Coordinative optimization of hydro-photovoltaic-wind-battery complementary power stations

Abstract

The depletion of fossil energy and the deterioration of the ecological environment have severely restricted the development of the power industry. Therefore, it is extremely urgent to transform energy production methods and vigorously develop renewable energy sources. It is therefore important to ensure the stability and operation of a large multi-energy complementary system, and provide theoretical support for the world's largest single complementary demonstration project with hydro-wind-PV power-battery storage in Qinghai Province. Considering all the multiple power supply constraints, an optimization scheduling model is established with the objective of minimizing the volatility of output power.
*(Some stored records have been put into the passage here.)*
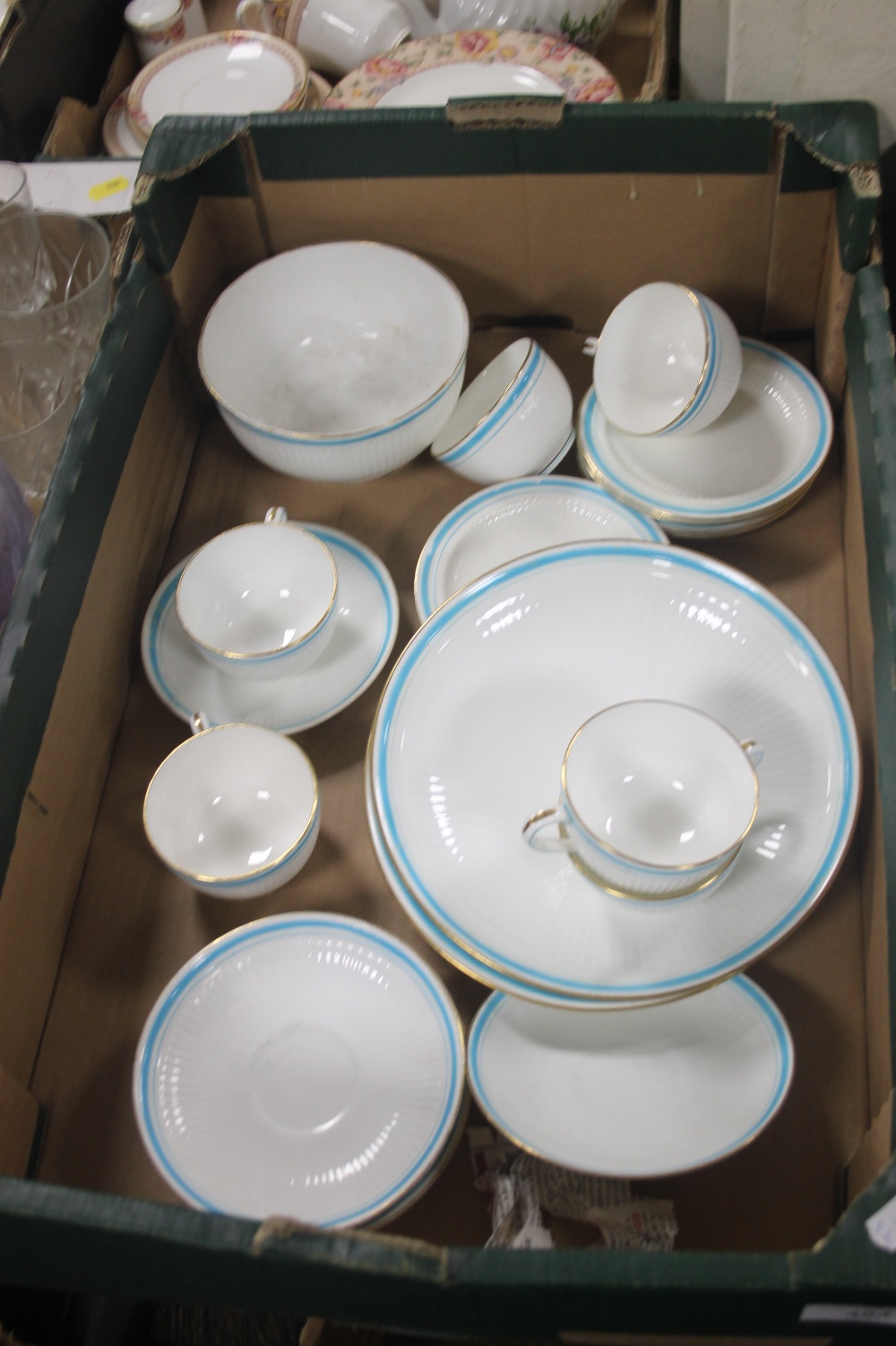 AN ANTIQUE MINTON TEASET TOGETHER WITH A COLLECTION OF ASSORTED CHINA (TRAYS NOT INCLUDED)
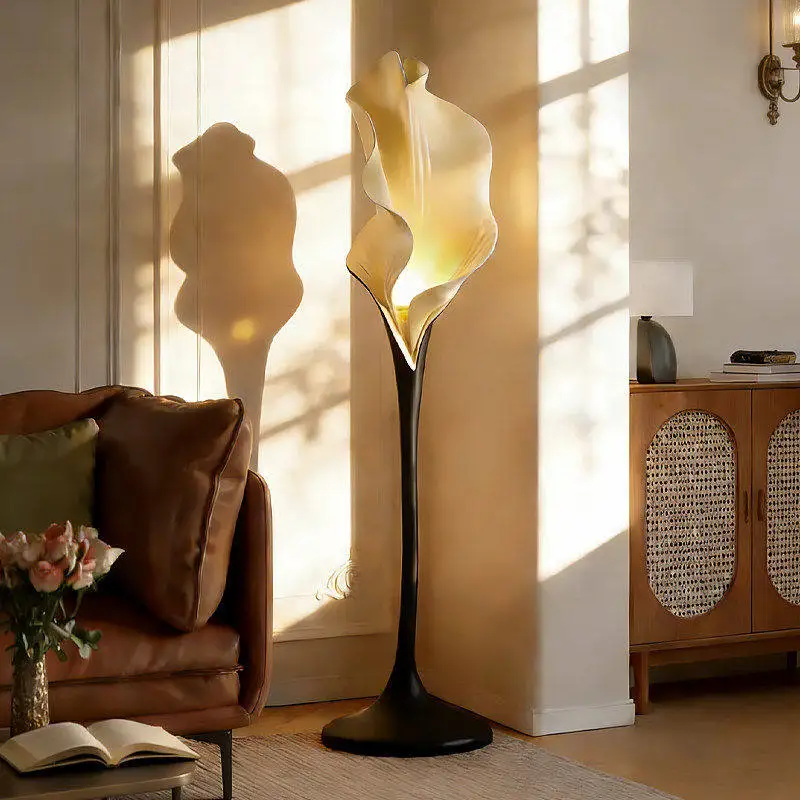 Light luxury floor lamp high value living room sofa next to high sense art bedroom atmosphere light
Light luxury floor lamp high value living room sofa next to high sense art bedroom atmosphere light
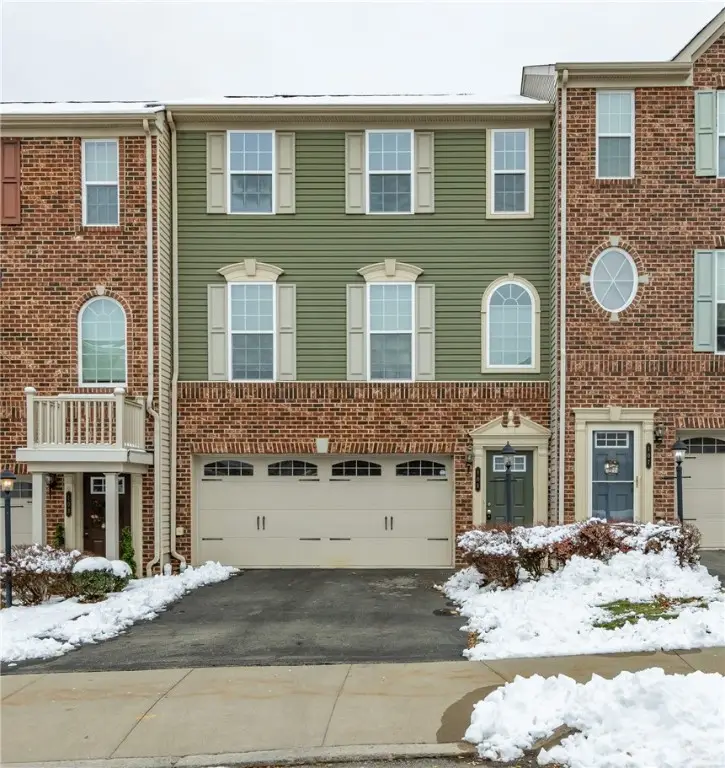 105 Mews Ln, Cranberry Township, PA 16066 - Image #1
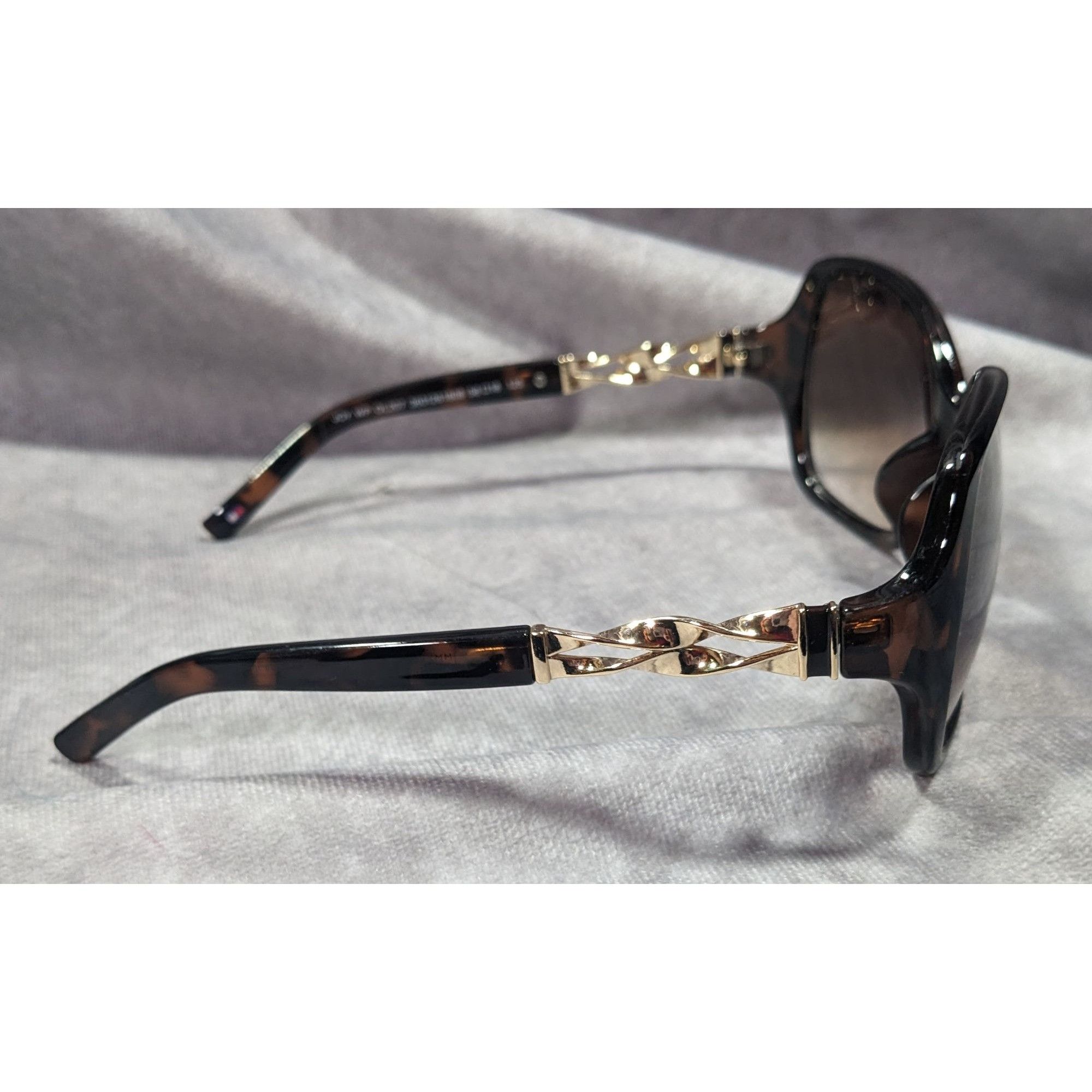 Tommy Hilfiger Tommy Hilfiger Preppy Joy WP Tortoise And Gold Twist Sungles Size ONE SIZE - 3 Thumbnail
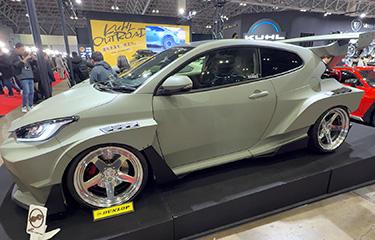 東京オートサロン　KUHLブース　KUHL OUTROADデビュー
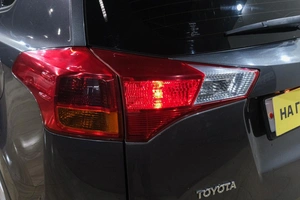 Внедорожник Toyota RAV4 2013 года, 2099000 рублей, Новокузнецк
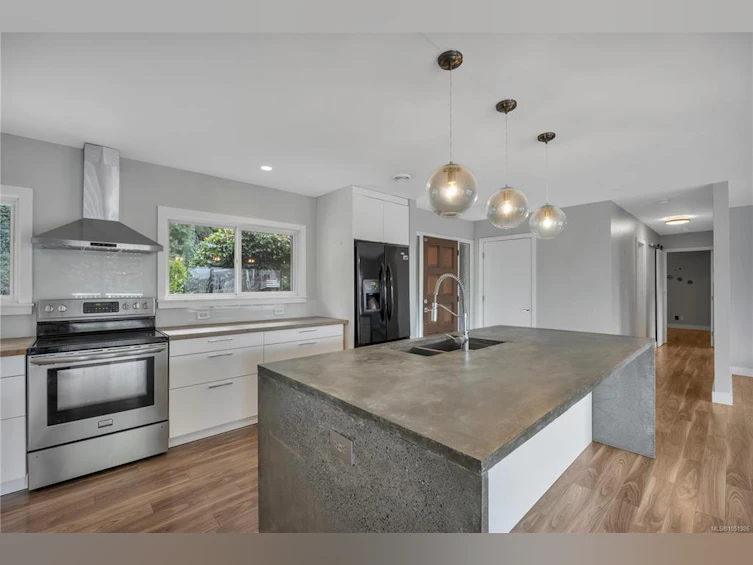 5620 Hammond Bay Road, Nanaimo, BC, V9T 5N2 - 24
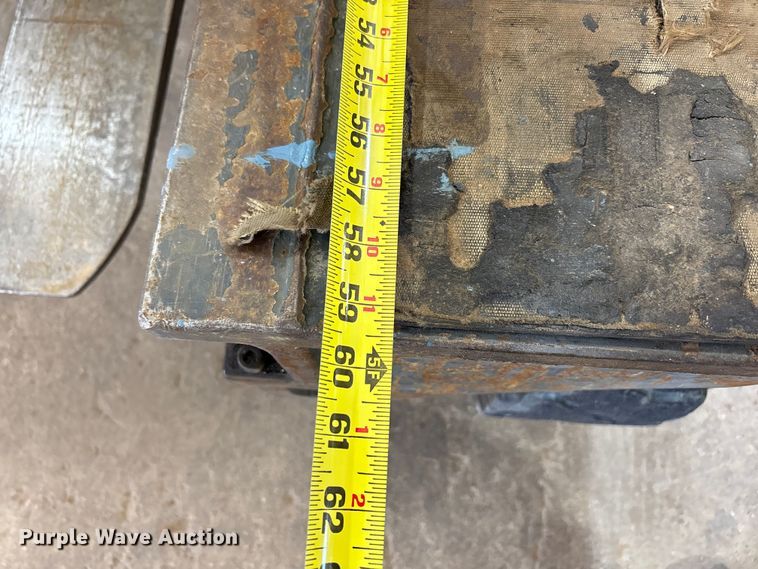 image for item EU4669 Combilift C6000 forklift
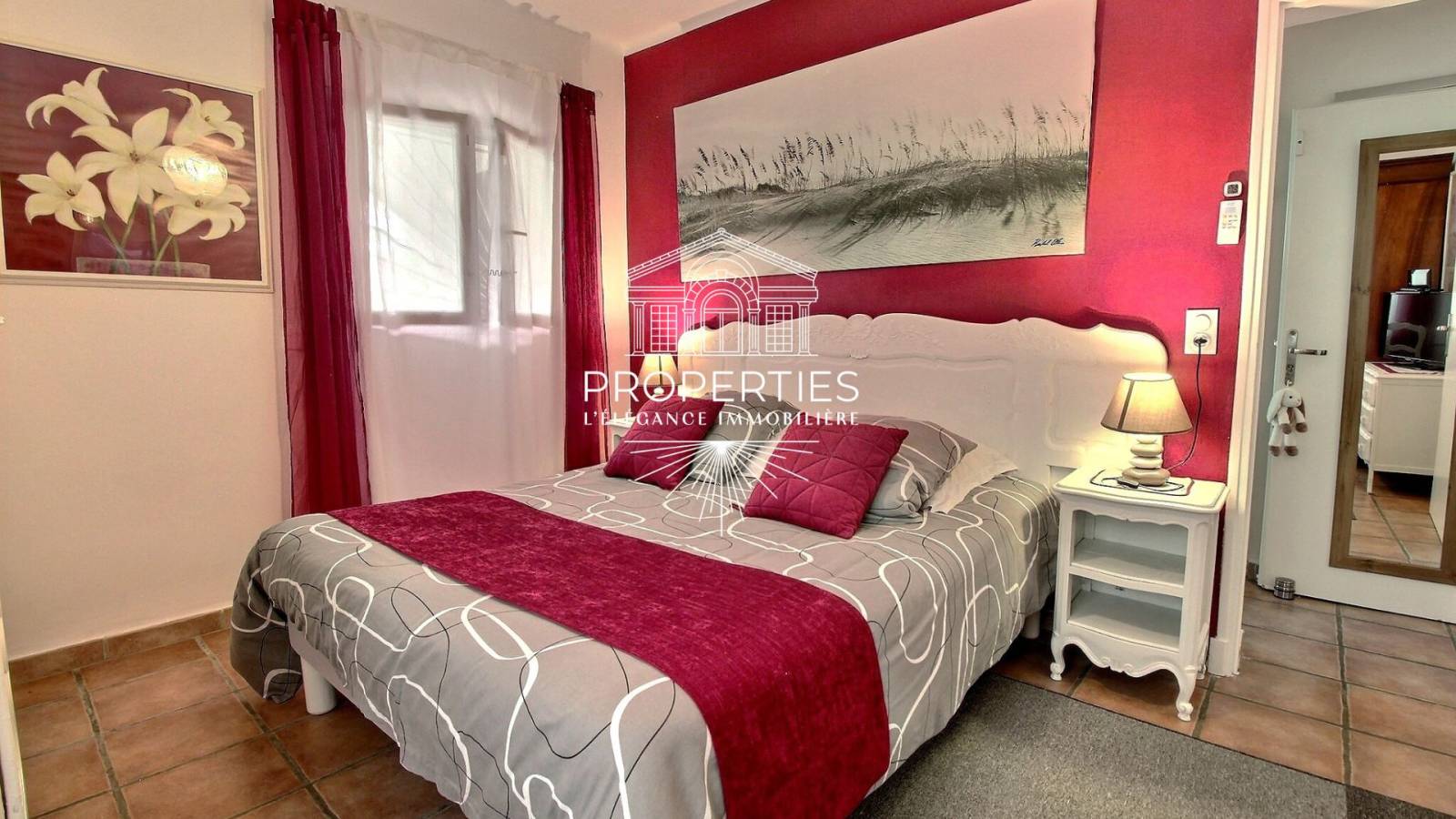 Maison de prestige à vendre à Bormes-les-Mimosas : piscine, studio et prestations haut de gamme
As particle swarm optimization (PSO) has a problem of premature convergence and slow convergence in the latter half, combined with niche technology in evolution, a niche particle swarm optimization (NPSO) is proposed to determine the optimal solution of the model. Finally, the multiple stations' coordinated operation is analyzed taking the example of 10 million kilowatt complementary power stations with hydropower, wind power, PV power, and battery storage in the Yellow River Company Hainan prefecture. The case verifies the rationality and feasibility of the model. It shows that complementary operations can improve the utilization rate of renewable energy and reduce the impact of wind and PV power's volatility on the power grid.